> **What to do**
The required result is an exact copy of the lines from the one containing "That's for every" to the last line of the records, both ends included, without pictures.
═══ Supplied material ═══
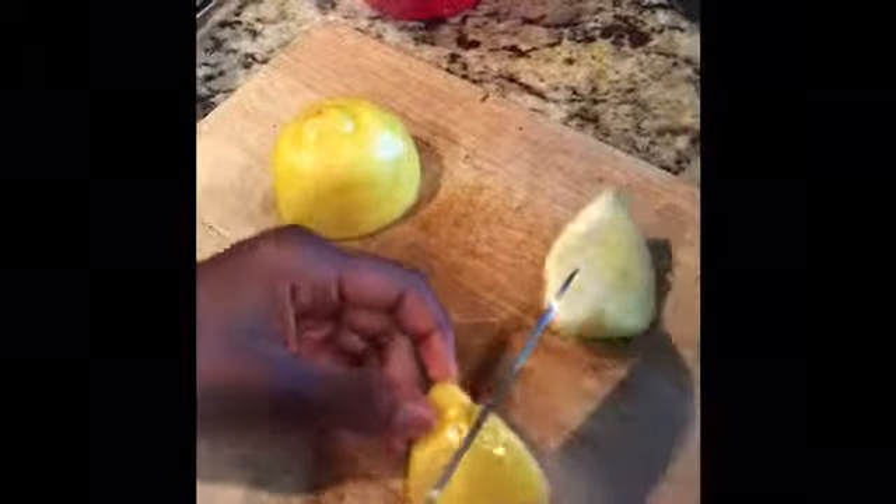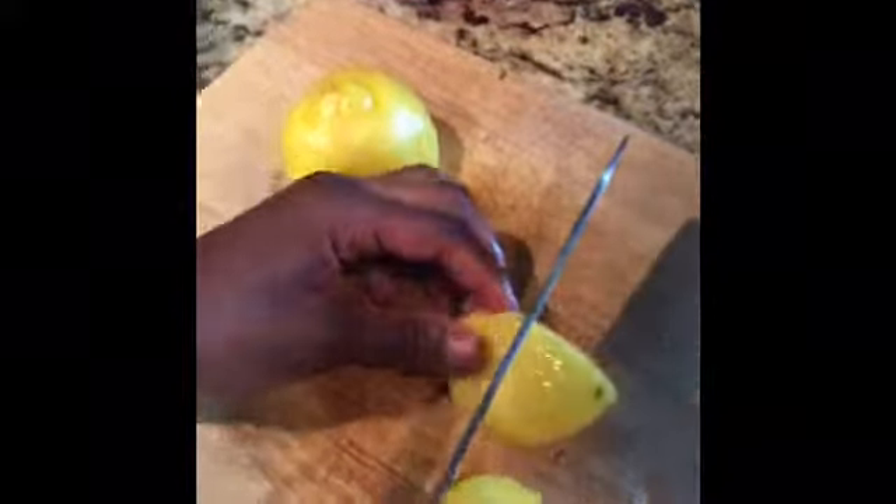Then you're going to cut it into fourths. After you finish cutting both of them into fourths, you're going to just drop it in. Because the lemon is really good seasoning and it gives it a really good zest.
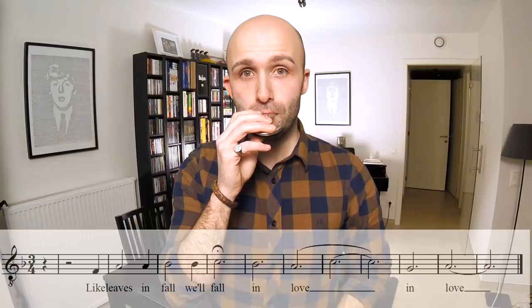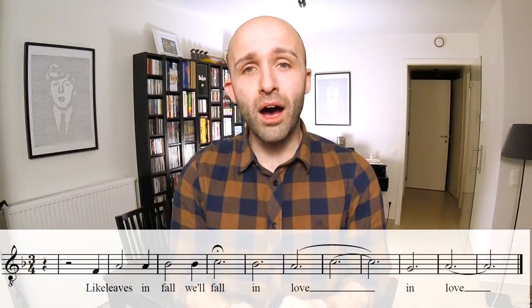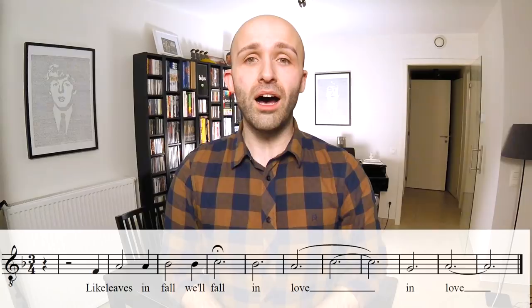That's for every harmony part. Let's start with the tenor — it goes a little something like this. Like leaves, in fall, will fall, in love, in love. You saw me gesturing on that one note — that means the baritone and bass are going to change their notes, but you just stick to yours.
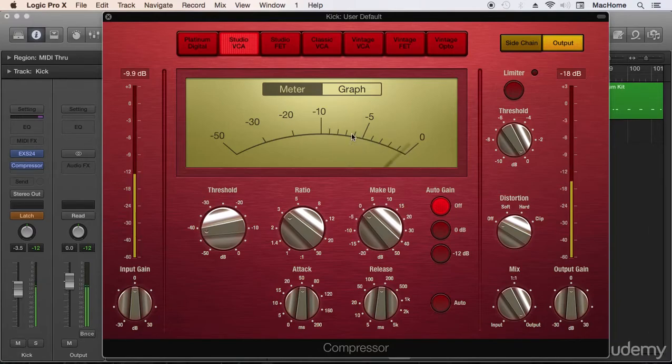We are reducing around five to six dBs here, and here we are not reducing anything, and here we have so much more compression — that's a lot. So we want a moderate compression to catch the peaks. I think around three to four dBs of gain reduction is a good starting point.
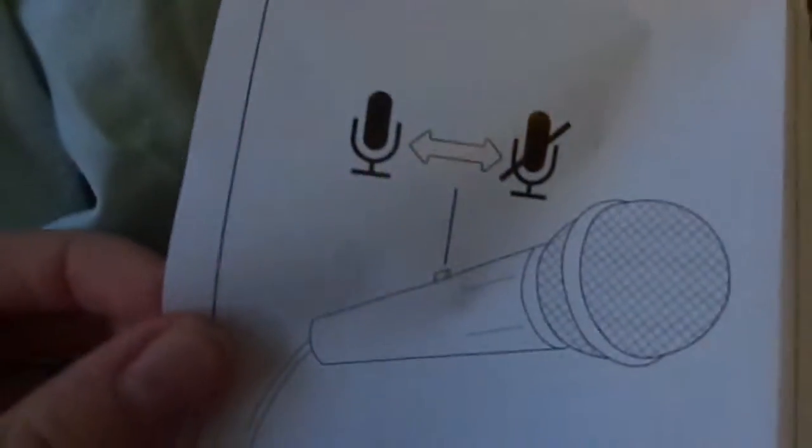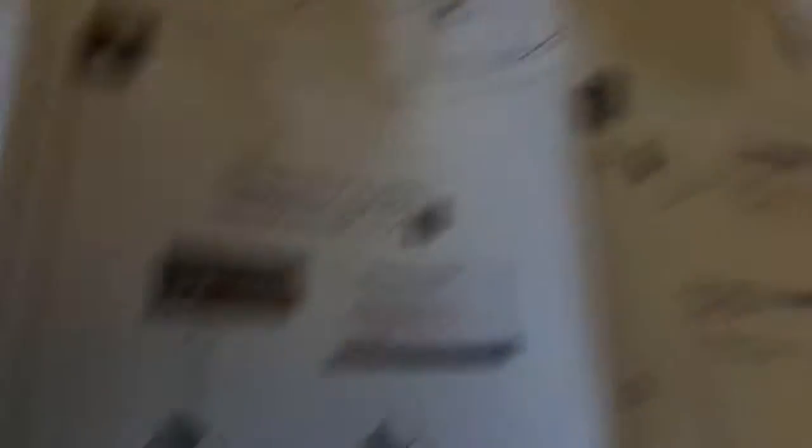And here are the instructions. So here is the front cover and here are the instructions — just got some little things in here. This is like how to install it and stuff.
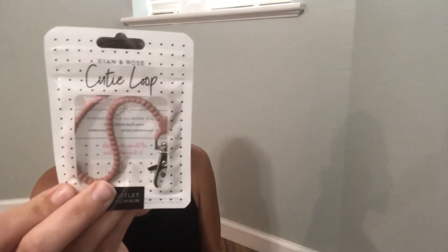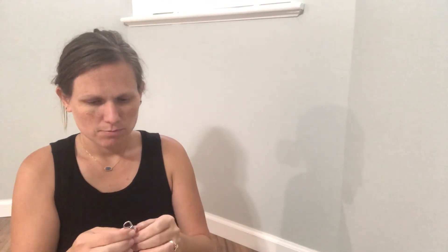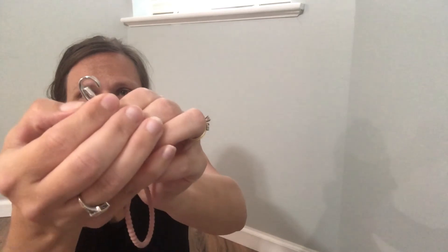The last thing — oh my gosh, I was so excited about this. These are their new cutie loops. You can use them for a whole bunch of things — keys, masks, whatever you need. This is my first time ordering this. It moves around, and you can put it on your wrist too. This one is in the hazel color — so pretty. Thank you for watching!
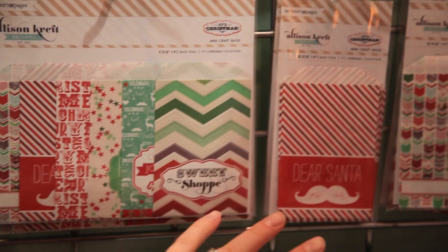We have some chipboard buttons, the paper clips which have been so much fun to use. These little reindeer are just adorable. And then we have a sticker sheet and our paper kits.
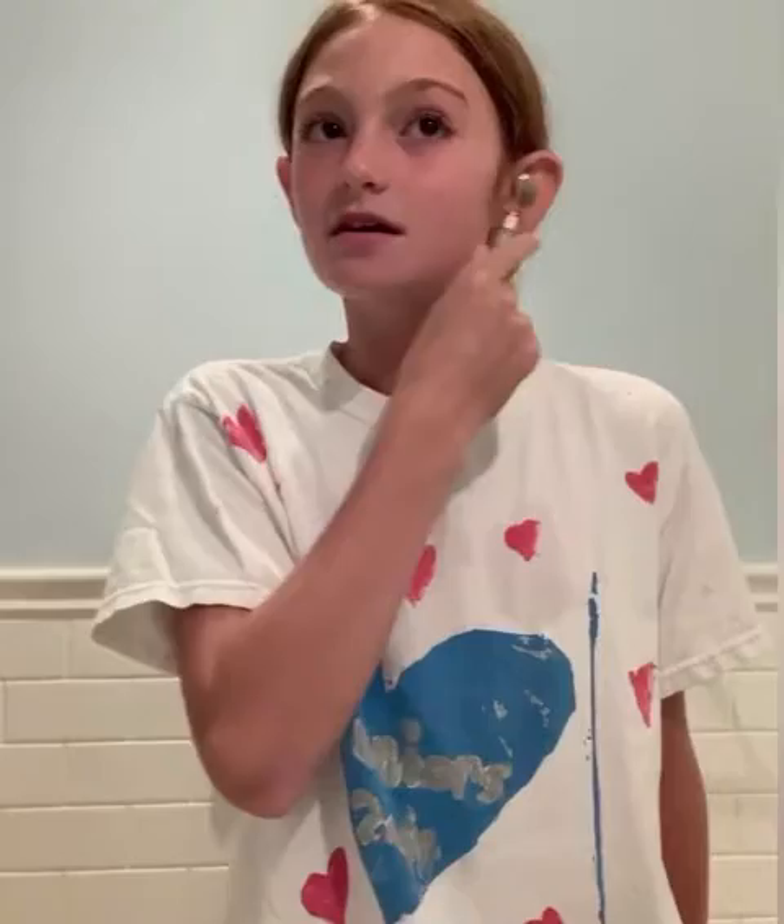Then I'm going to take this face roller. I like to use this after I brush my teeth because I want to let my face dry and let all the stuff that I put on absorb. This is what mine looks like — it's pretty simple. I just like to do it on my cheeks and my forehead and those areas, and it feels so good.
═══
> **Reply**
That's for every harmony part. Let's start with the tenor — it goes a little something like this. Like leaves, in fall, will fall, in love, in love. You saw me gesturing on that one note — that means the baritone and bass are going to change their notes, but you just stick to yours.
We are reducing around five to six dBs here, and here we are not reducing anything, and here we have so much more compression — that's a lot. So we want a moderate compression to catch the peaks. I think around three to four dBs of gain reduction is a good starting point.
And here are the instructions. So here is the front cover and here are the instructions — just got some little things in here. This is like how to install it and stuff.
The last thing — oh my gosh, I was so excited about this. These are their new cutie loops. You can use them for a whole bunch of things — keys, masks, whatever you need. This is my first time ordering this. It moves around, and you can put it on your wrist too. This one is in the hazel color — so pretty. Thank you for watching!
We have some chipboard buttons, the paper clips which have been so much fun to use. These little reindeer are just adorable. And then we have a sticker sheet and our paper kits.
Then I'm going to take this face roller. I like to use this after I brush my teeth because I want to let my face dry and let all the stuff that I put on absorb. This is what mine looks like — it's pretty simple. I just like to do it on my cheeks and my forehead and those areas, and it feels so good.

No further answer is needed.